Malaysian Lim Meng Fatt, 53, who is a Singapore permanent resident, was sentenced to a year and 16 weeks in jail and ordered to pay $1,163,668 in penalties.
His Singaporean wife, Gan Bee Bee, also 53, was sentenced to a year, four months and 17 weeks behind bars. She was ordered to pay penalties totalling $1,175,818.
The couple used to run body massage and foot reflexology firm Wan Lin Healthcare Centre Pte Ltd at Fu Lu Shou Complex in Rochor Road.
They abetted Wan Lin to evade a total of $140,378 in income tax for Years of Assessment (YA) 2015 and 2017.
They also omitted output tax totalling $84,304 in Wan Lin’s goods and services tax (GST) returns.
In addition, the pair evaded GST totalling $163,206 by cancelling Wan Lin’s GST registration in 2016, when, in fact, the company was still liable to be GST-registered.
Gan also abetted Wan Lin to make a false claim totalling $4,050 under the Productivity and Innovation Credit (PIC) scheme on Aug 12, 2015.

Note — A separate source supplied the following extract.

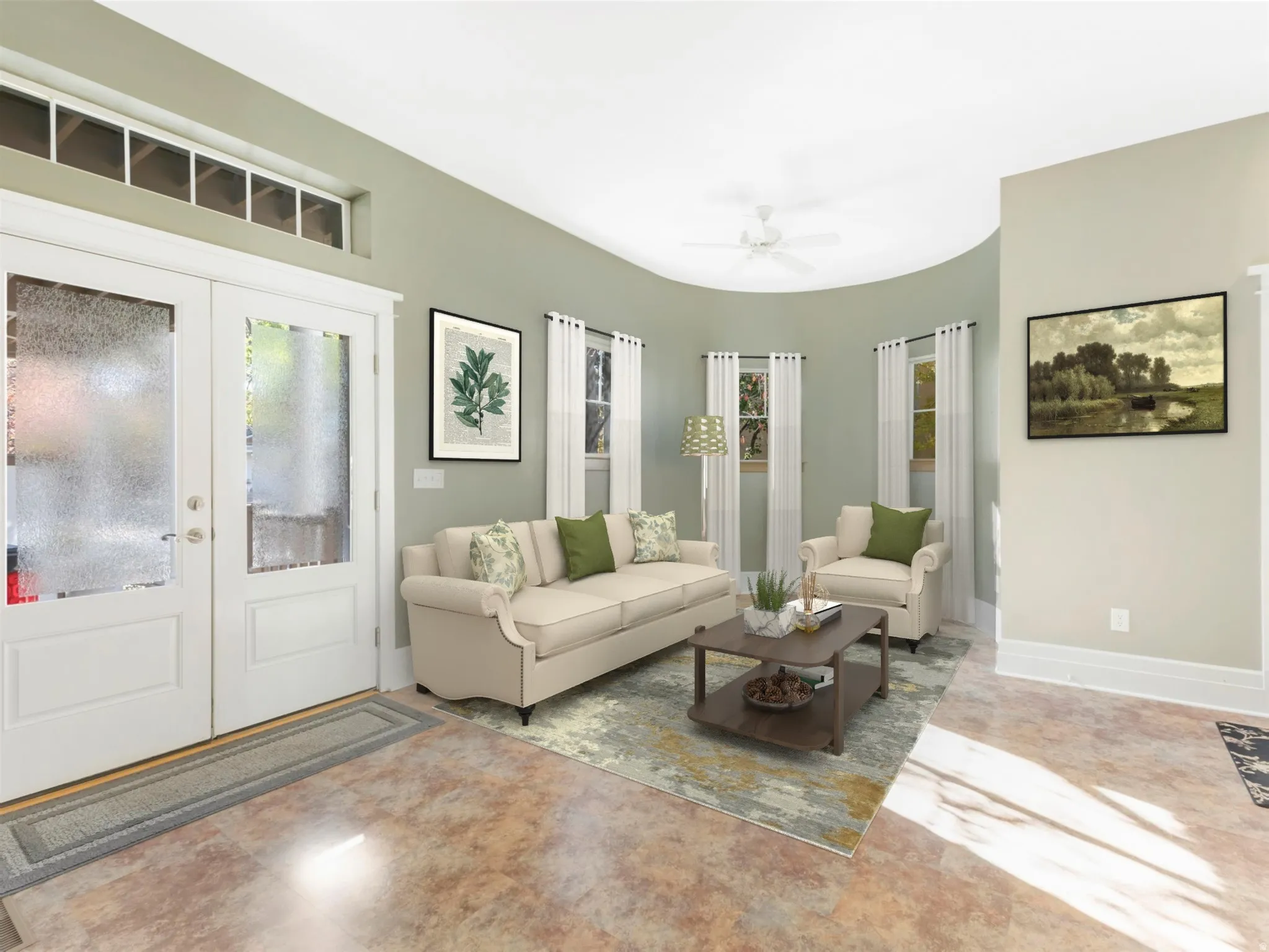 Double entry doors with transom windows, curved wall architecture, multiple windows with white trim, ceiling fan, and durable flooring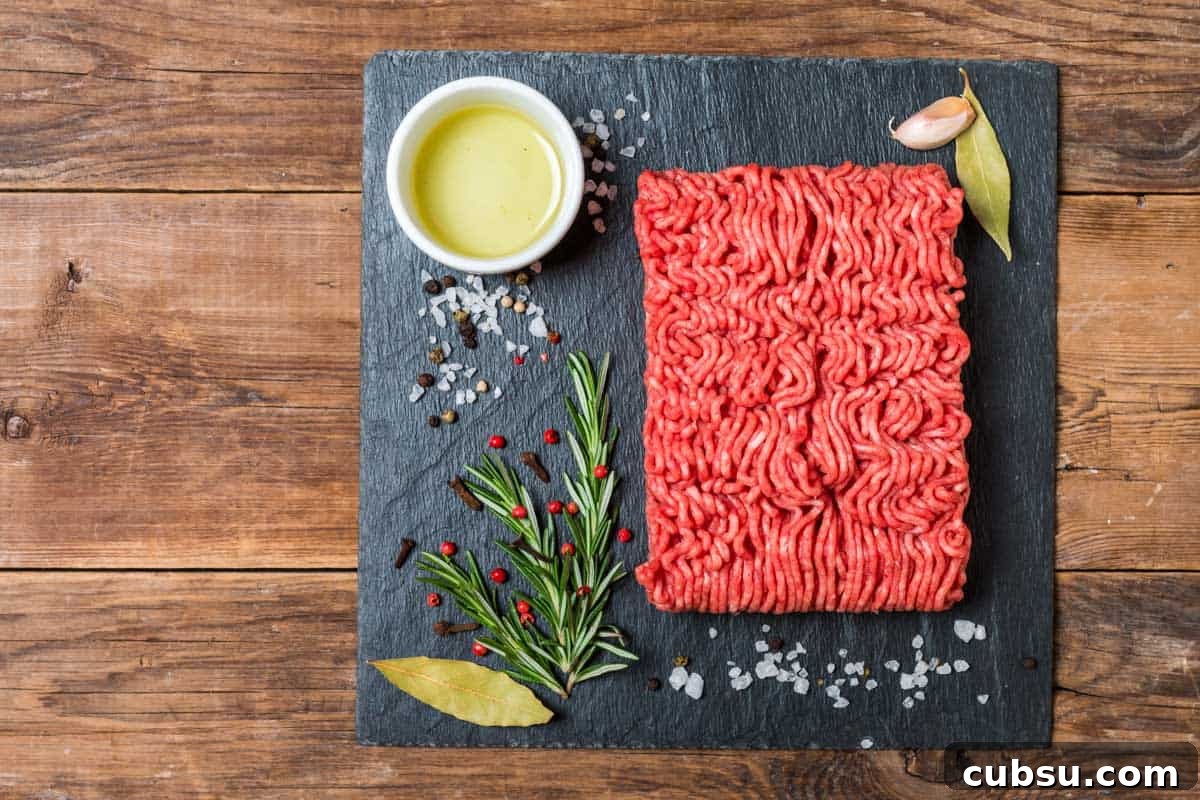 Top Cuts for Homemade Beef Jerky (+Video) 9 Ground meat on slate with spices for beef jerky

The PIC scheme, administered by the Inland Revenue Authority of Singapore (Iras), was a government subsidy open to all Singapore-registered companies that had active business operations here and employed at least three local workers.
Under the initiative, which expired in 2018, companies could convert qualifying expenditure that they had incurred, such as purchases of IT and automation equipment, into cash payouts.
Tax prosecutor Vanessa Chiam said that for YA2016, Gan intentionally aided Wan Lin to obtain a PIC cash payout that the firm was not entitled to.
Gan told Lim to falsely state in a PIC form dated Aug 12, 2015, that Wan Lin had incurred qualifying expenditure on “external training” purportedly pertaining to the use of an accounting software for $6,750 when, in fact, there was no such expenditure. Lim was not aware that the qualifying expenditure in the PIC form was false.
As a result, Iras disbursed a PIC cash payout of $4,050 under the scheme that Wan Lin was not entitled to.
On Monday, Lim was offered bail of $60,000 while his wife’s bail was set at $30,000.
They are expected to surrender themselves at the State Courts on Feb 1, 2023, to begin serving their sentences.